Work to be completed:
Although the listing below holds pictures, reproduce only its lines from the one containing "New Lenovo Legion" through the last, exactly and without them.

Exercise data:
[Start of Attachment]

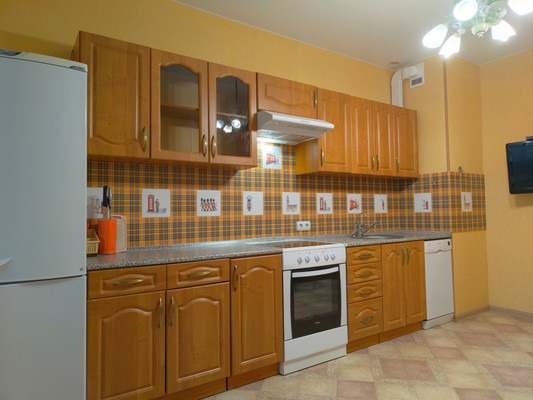 Сдам однокомнатную (1-комн.) квартиру, Приморский пр-кт, 137к2, Санкт-Петербург г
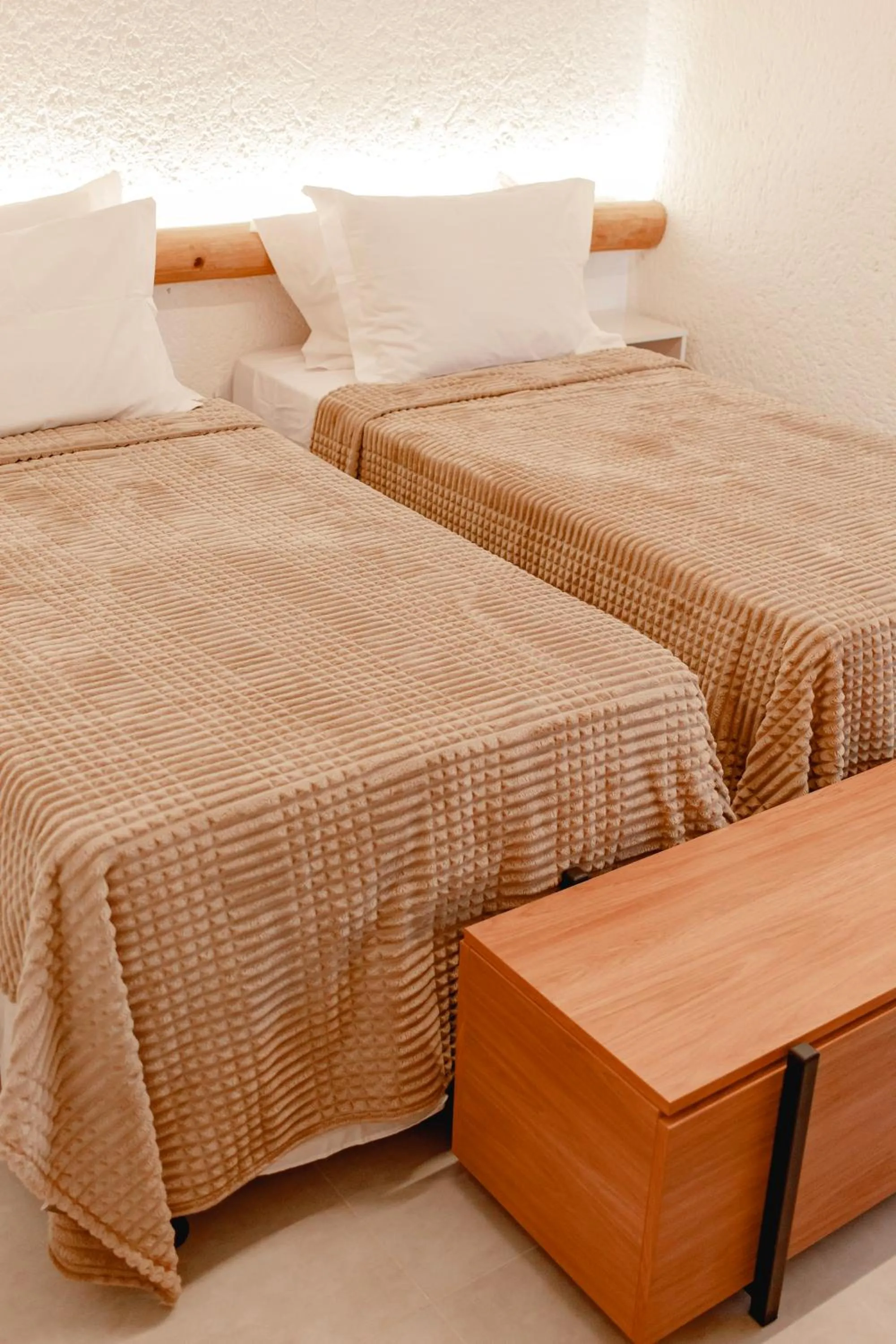 Bed in KAMBY MILAGRES l Natureza e Conforto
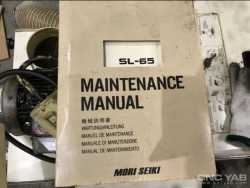 پیش فروش سنگین تراش CNC   موری سیکی ژاپن مدل MORI SEIKI SL_65 B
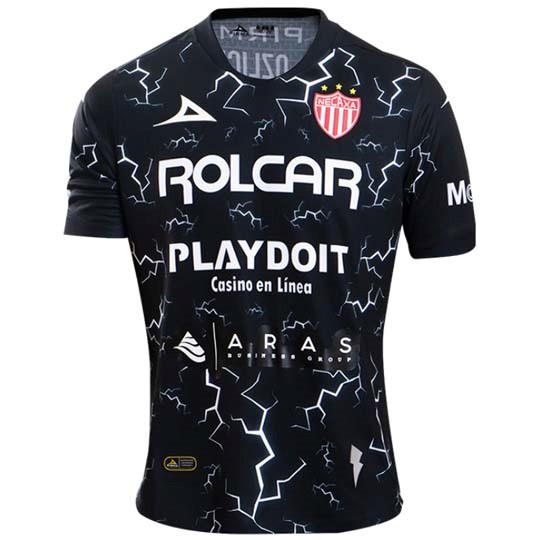 Tailandia Camiseta Club Necaxa 2nd 2021-2022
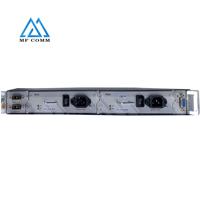 Alimentation électrique pour télécommunications montée en rack 1U 19 pouces pour réseaux FTTH/FTTB/FTTX, sortie 220V AC/DC 15A/30A 1500W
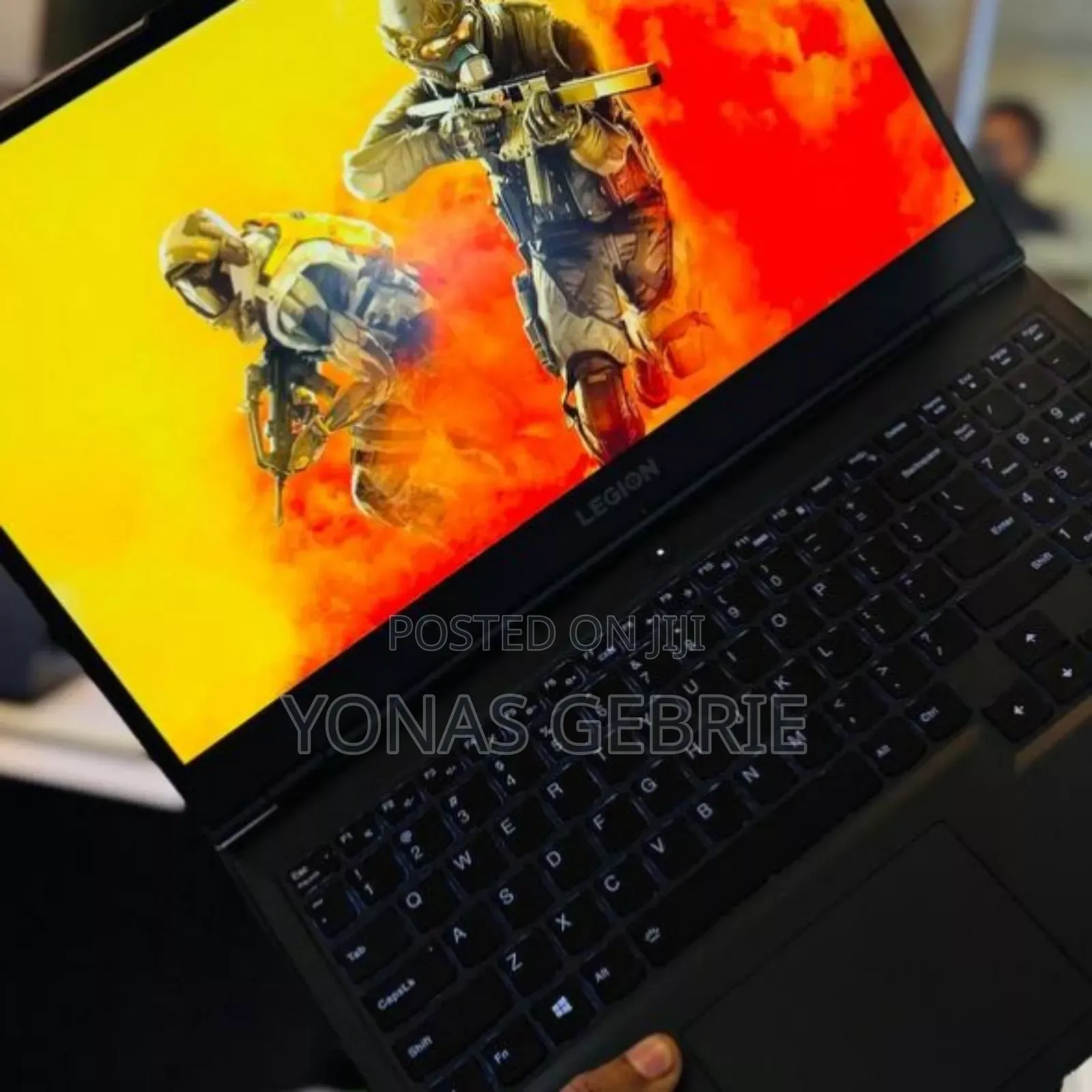 New Lenovo Legion Y7000P IRX9 Gaming Laptop 16GB Intel Core I5 512GB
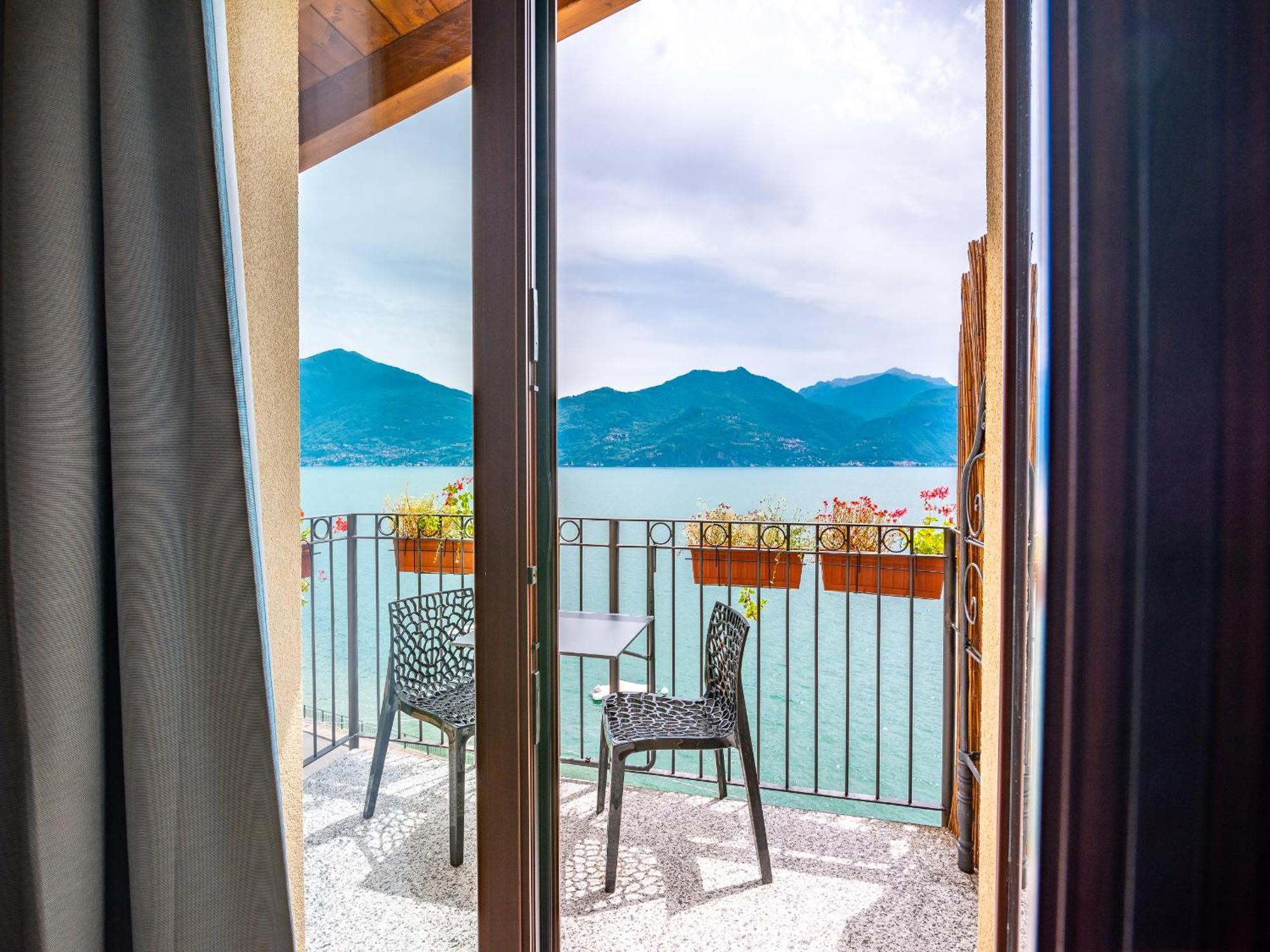 Foresteria Lago Di Como Menaggio Eksteriør billede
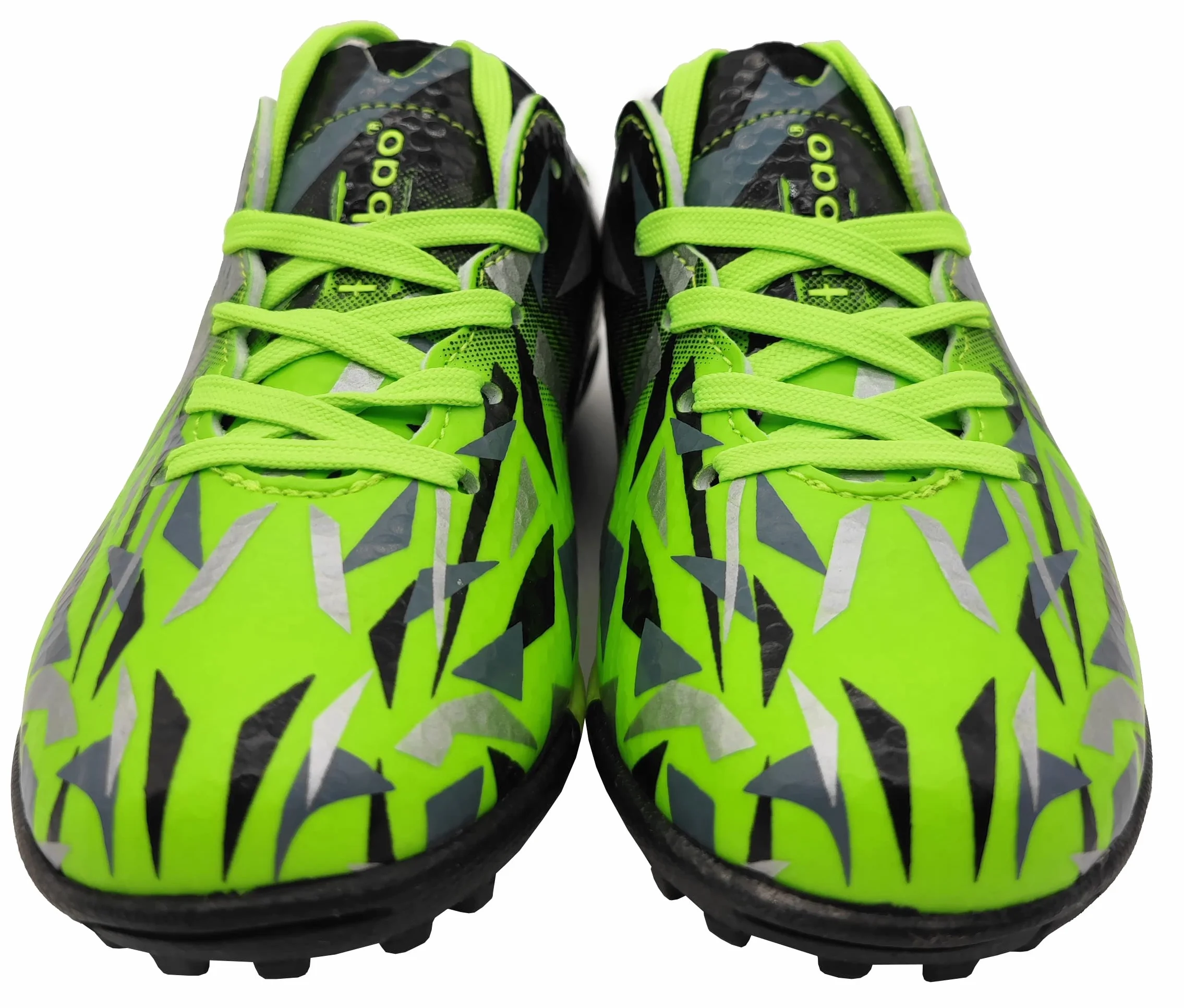 Zapatos de fútbol para niños, botas atléticas exteriores e interiores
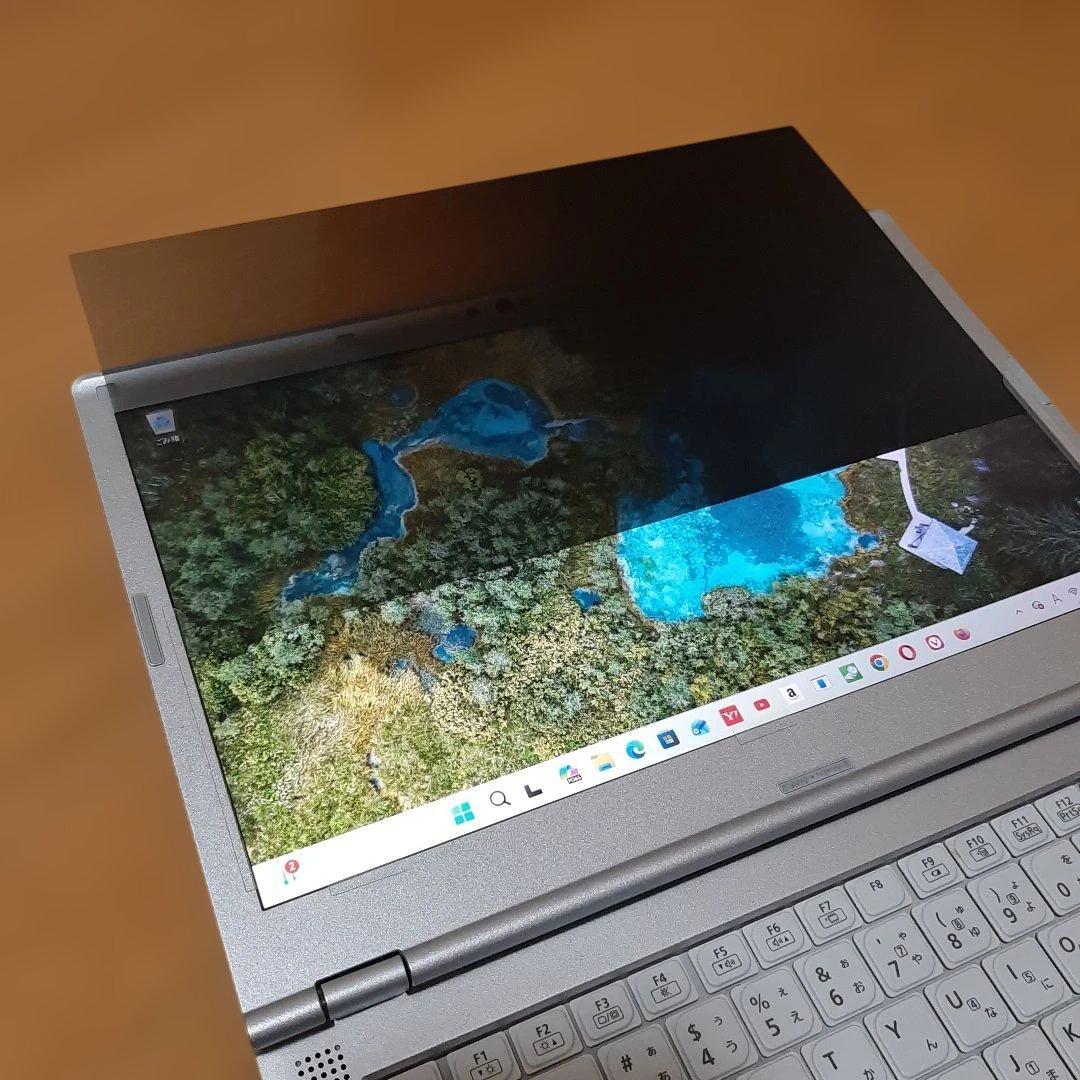 爆速！Panasonic Let's note CF-LV i5第8世代特典多数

[End of Attachment]

Task result:
 New Lenovo Legion Y7000P IRX9 Gaming Laptop 16GB Intel Core I5 512GB
 Foresteria Lago Di Como Menaggio Eksteriør billede
 Zapatos de fútbol para niños, botas atléticas exteriores e interiores
 爆速！Panasonic Let's note CF-LV i5第8世代特典多数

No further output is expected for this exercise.